Fallbeschreibung:
K gründete die A-GmbH mit einem Stammkapital von 25.000 €, aufgeteilt in 25.000 Geschäftsanteile je 1 €. Eine spätere Kapitalerhöhung um 1.000 € fand statt. K übernahm den zusätzlichen Anteil und zahlte zusätzlich 500.000 € als Aufgeld in die Kapitalrücklage der GmbH. Danach verkaufte K 300 Anteile sowie den neuen Anteil für insgesamt 26.300 € an ihren Mann, der nun 5% der Anteile hielt.
Es gab Meinungsverschiedenheiten mit dem Finanzamt darüber, ob K einen Verlust aus diesem Verkauf erzielte. Sowohl das Finanzgericht als auch der BFH stimmten K zu.
Urteilsdetails:
Der Veräußerungsgewinn ist unumstritten. Die Frage war, ob K tatsächlich eine Gewinnerzielungsabsicht hatte. Normalerweise wird angenommen, dass diese Absicht besteht, auch bei kurzem Halten der Anteile.
Fehlende Gewinnerzielungsabsicht zeigt sich, wenn keine positiven Einkünfte erwartet werden oder persönliche Gründe für den Erwerb vorlagen. Steuerliche Vorteile durch Verkaufsverluste bedeuten nicht automatisch fehlende Gewinnerzielungsabsicht, sondern könnten einen Gestaltungsmissbrauch gemäß § 42 AO anzeigen.

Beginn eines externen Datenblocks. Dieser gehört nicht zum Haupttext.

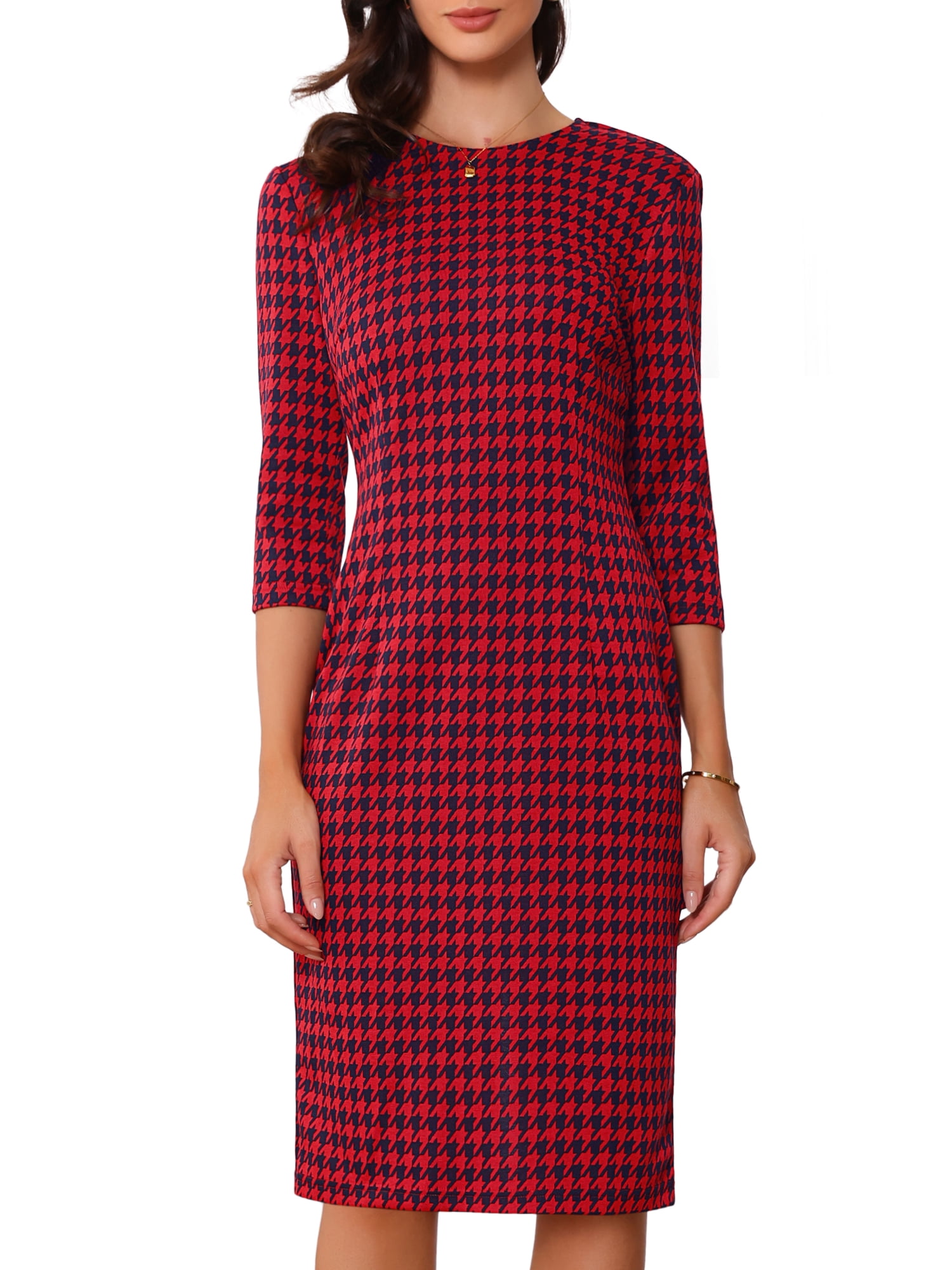 houndstooth bodycon dress Sleeveless Houndstooth Bodycon Mini Dress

Die Gewinnerzielungsabsicht bezieht sich auf die gesamte Beteiligung an der Gesellschaft. Der BFH meint, dass eine Betrachtung jedes einzelnen verkauften Anteils nicht zulässig ist.

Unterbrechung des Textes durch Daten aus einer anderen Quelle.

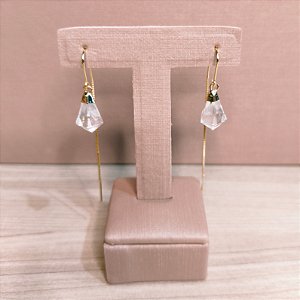 Brinco Passante Ponta Quartzo Cristal - "Harmonia e Equilíbrio"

Im diskutierten Fall waren von den 26.300 € Verkaufserlös Anschaffungskosten von 501.300 € abzuziehen. Ein über den Verkehrswert hinausgehender Betrag ist keine verdeckte Einlage.

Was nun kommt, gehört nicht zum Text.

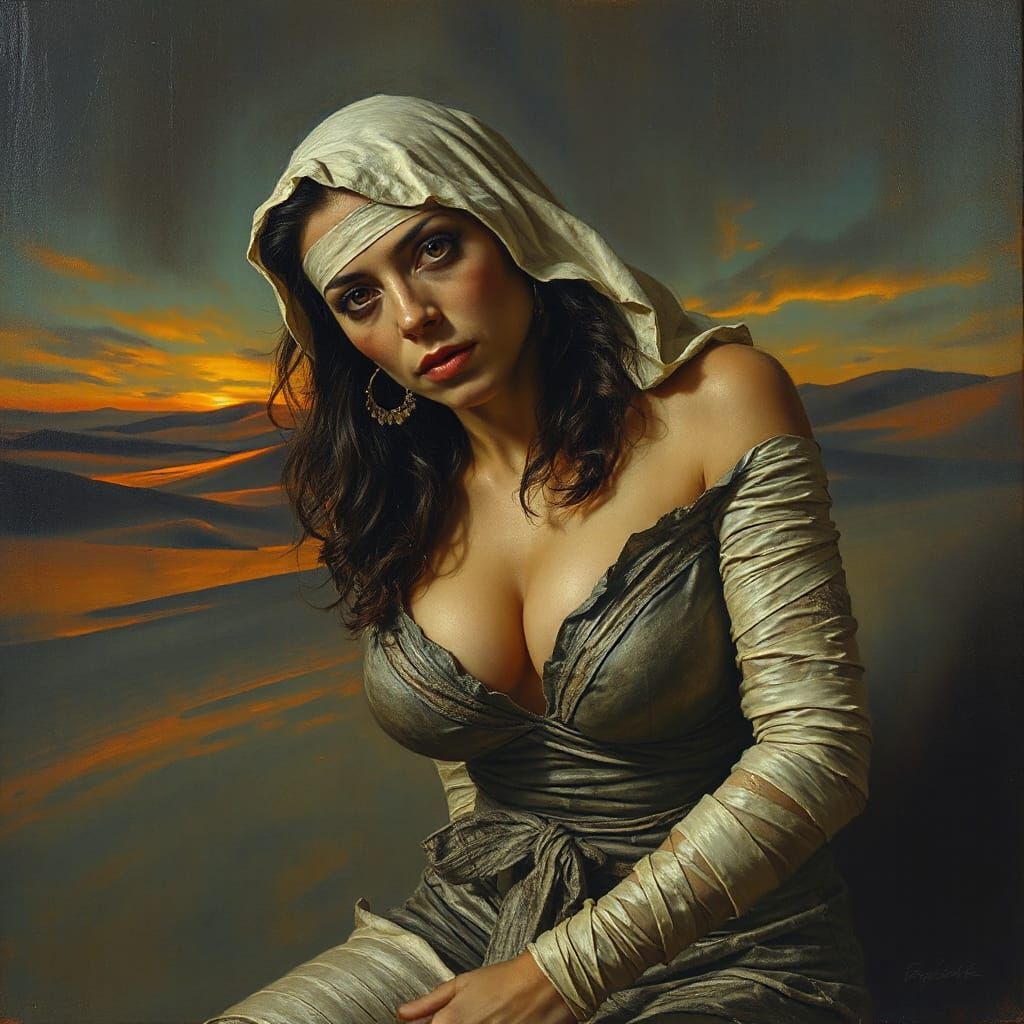 Voluptuous Egyptian Mummy in Desert Night Horror Scene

Das zusätzlich von K gezahlte Aufgeld musste nicht auf alle ihre Anteile verteilt werden. § 17 Abs. 2a Satz 5 EStG, der dies vorsieht, gilt erst für spätere Veräußerungen (nach dem 31.07.2019).
Der BFH sah die Zahlung des Aufgelds und den späteren Verkauf an den Ehemann nicht als rechtlichen Gestaltungsmissbrauch an. Grundsätzlich steht es einem Steuerzahler frei, wann und an wen er Anteile verkauft.
Hinweis für die Praxis:
Der BFH hat klargestellt, dass die Gewinnerzielungsabsicht sich auf die gesamte Beteiligung bezieht. Eine Betrachtung jedes einzelnen verkauften Anteils ist nicht zulässig. Das für einen Anteil gezahlte Aufgeld erhöht seine Anschaffungskosten, auch wenn diese den Verkehrswert übersteigen. Dies gilt zumindest bis zum 31.07.2019. Ein bewusster Verlust durch den Verkauf eines GmbH-Anteils mit übersteigenden Anschaffungskosten ist nicht zwangsläufig rechtsmissbräuchlich gemäß § 42 AO.
BFH-Urteil vom 03.05.2023 – IX R 12/22.